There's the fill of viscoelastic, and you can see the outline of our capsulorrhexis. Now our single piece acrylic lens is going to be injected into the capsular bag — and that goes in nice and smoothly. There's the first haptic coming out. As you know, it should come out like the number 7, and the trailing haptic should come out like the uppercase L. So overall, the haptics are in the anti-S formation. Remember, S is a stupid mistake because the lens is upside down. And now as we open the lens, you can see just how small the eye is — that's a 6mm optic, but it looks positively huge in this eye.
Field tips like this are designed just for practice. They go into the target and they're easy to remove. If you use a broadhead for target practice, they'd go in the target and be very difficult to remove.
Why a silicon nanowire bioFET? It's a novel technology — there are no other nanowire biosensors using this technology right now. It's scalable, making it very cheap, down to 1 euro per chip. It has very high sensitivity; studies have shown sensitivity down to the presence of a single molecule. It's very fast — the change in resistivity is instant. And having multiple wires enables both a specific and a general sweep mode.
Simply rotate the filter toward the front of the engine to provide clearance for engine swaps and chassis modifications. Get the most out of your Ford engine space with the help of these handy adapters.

· · · · · · ·

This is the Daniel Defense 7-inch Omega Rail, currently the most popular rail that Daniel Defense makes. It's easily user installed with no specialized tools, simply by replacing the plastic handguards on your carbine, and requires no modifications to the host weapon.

· · · · · · ·

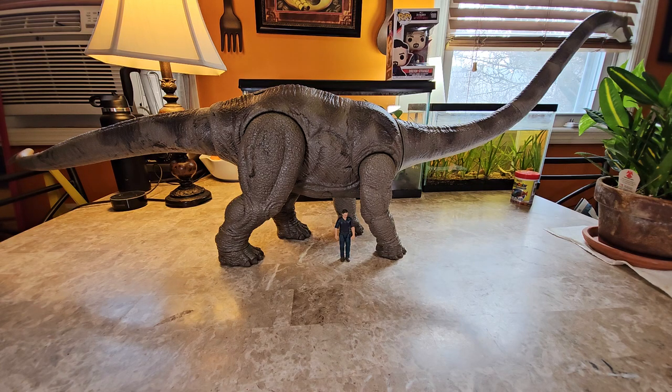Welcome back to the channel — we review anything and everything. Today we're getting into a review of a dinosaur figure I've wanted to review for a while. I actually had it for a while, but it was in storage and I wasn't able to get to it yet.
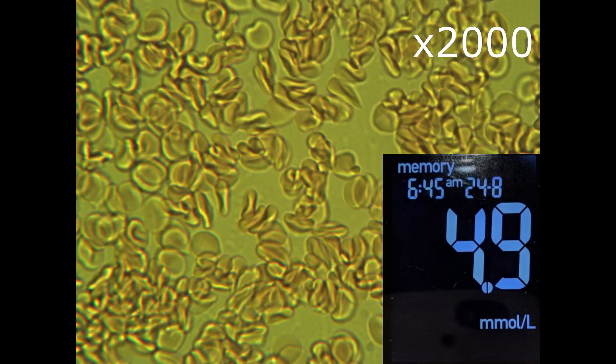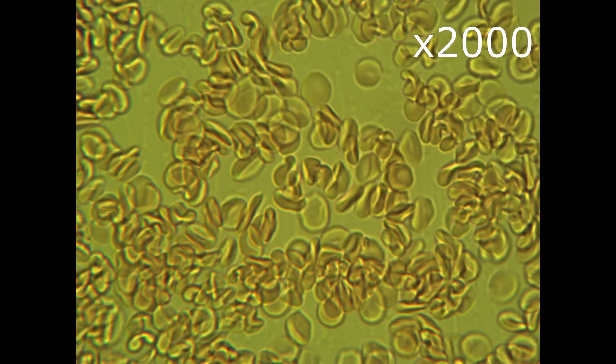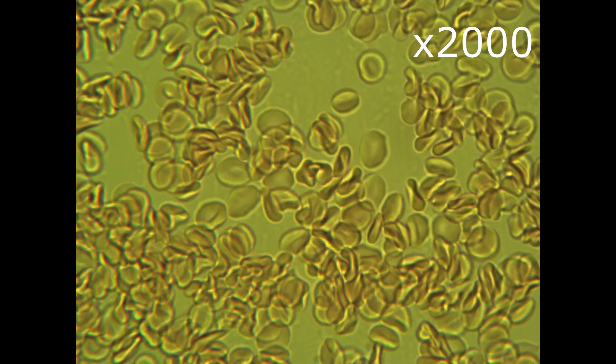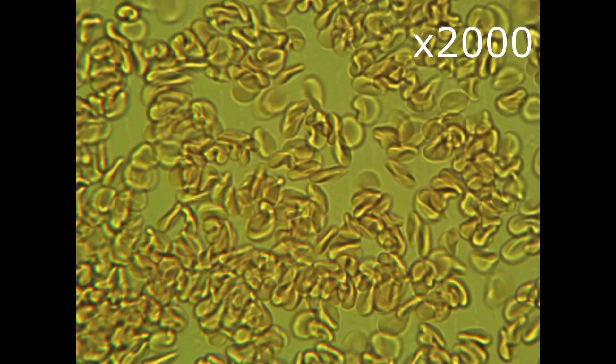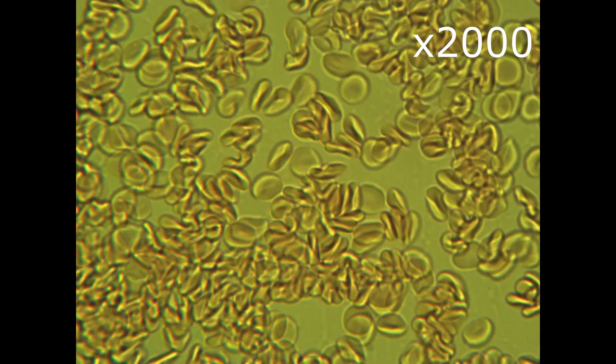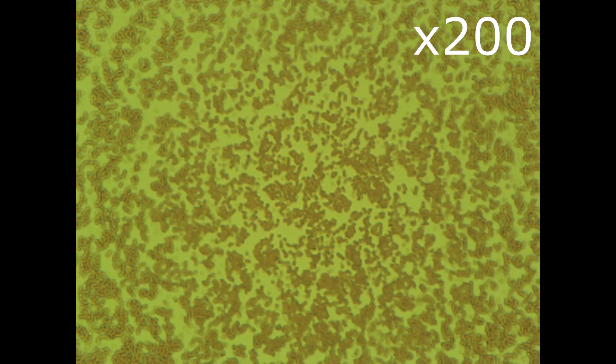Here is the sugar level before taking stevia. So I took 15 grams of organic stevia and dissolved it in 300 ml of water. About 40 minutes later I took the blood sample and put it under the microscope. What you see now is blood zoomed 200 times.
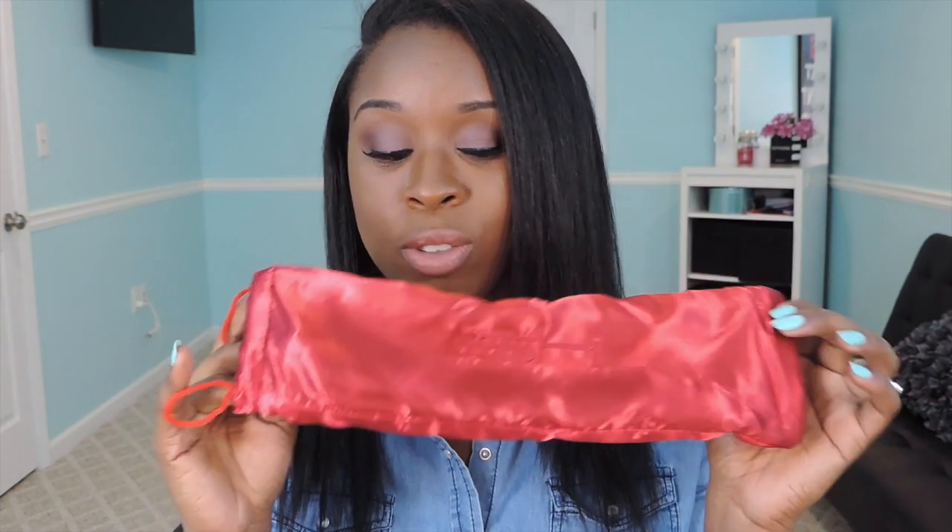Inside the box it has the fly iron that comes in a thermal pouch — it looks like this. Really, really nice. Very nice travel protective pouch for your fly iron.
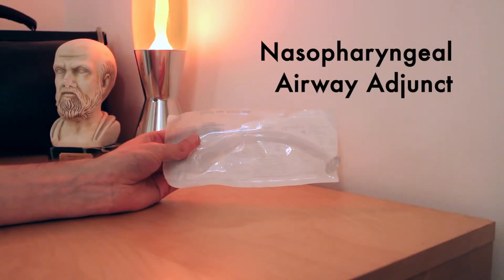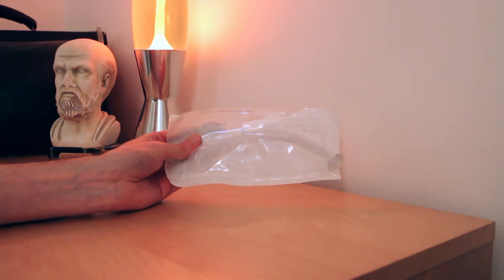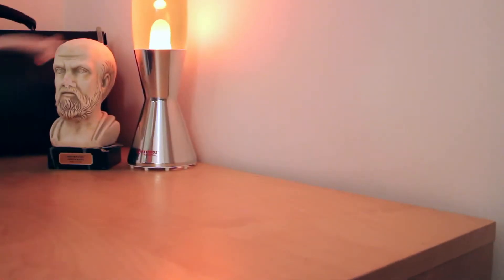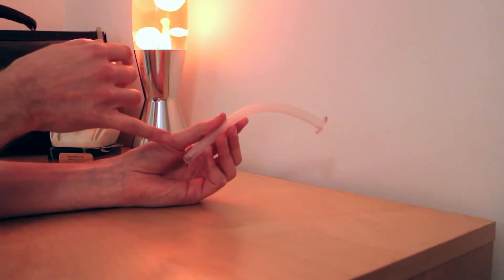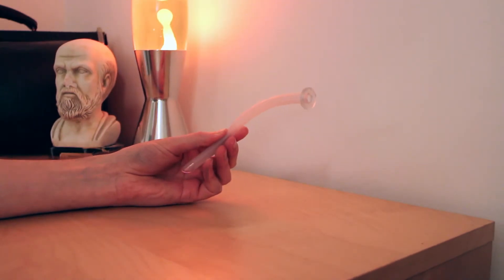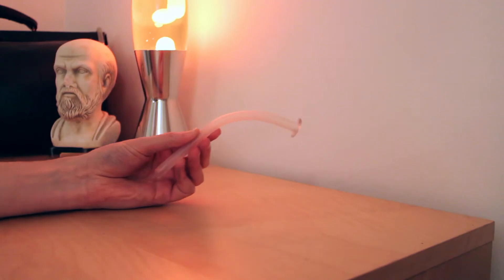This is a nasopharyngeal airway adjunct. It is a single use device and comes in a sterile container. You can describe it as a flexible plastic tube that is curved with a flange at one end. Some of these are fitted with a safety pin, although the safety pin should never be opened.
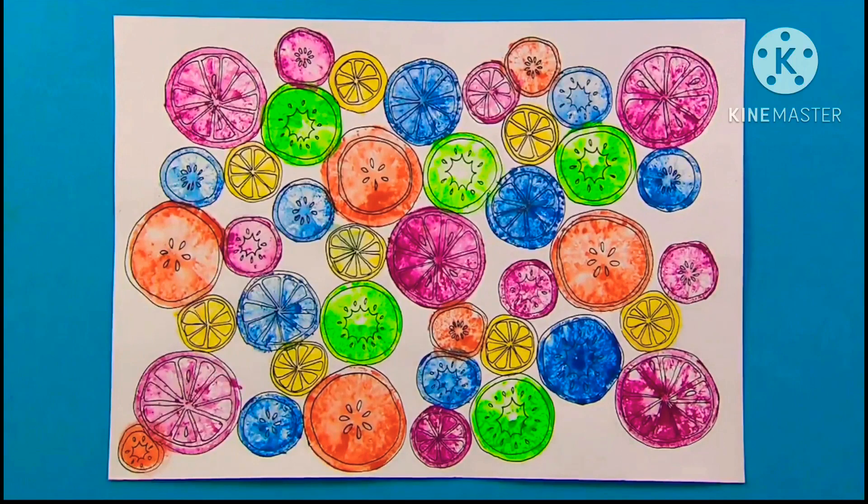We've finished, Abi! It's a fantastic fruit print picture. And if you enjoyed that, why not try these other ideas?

· · · · · · ·

**What you need to do**
Among the entries above, take the line with "Inside the box", the line with "We've finished, Abi!", and all the lines between them, and restate them word for word without pictures.

**Response to this exercise**
Inside the box it has the fly iron that comes in a thermal pouch — it looks like this. Really, really nice. Very nice travel protective pouch for your fly iron.
This is a nasopharyngeal airway adjunct. It is a single use device and comes in a sterile container. You can describe it as a flexible plastic tube that is curved with a flange at one end. Some of these are fitted with a safety pin, although the safety pin should never be opened.
We've finished, Abi! It's a fantastic fruit print picture. And if you enjoyed that, why not try these other ideas?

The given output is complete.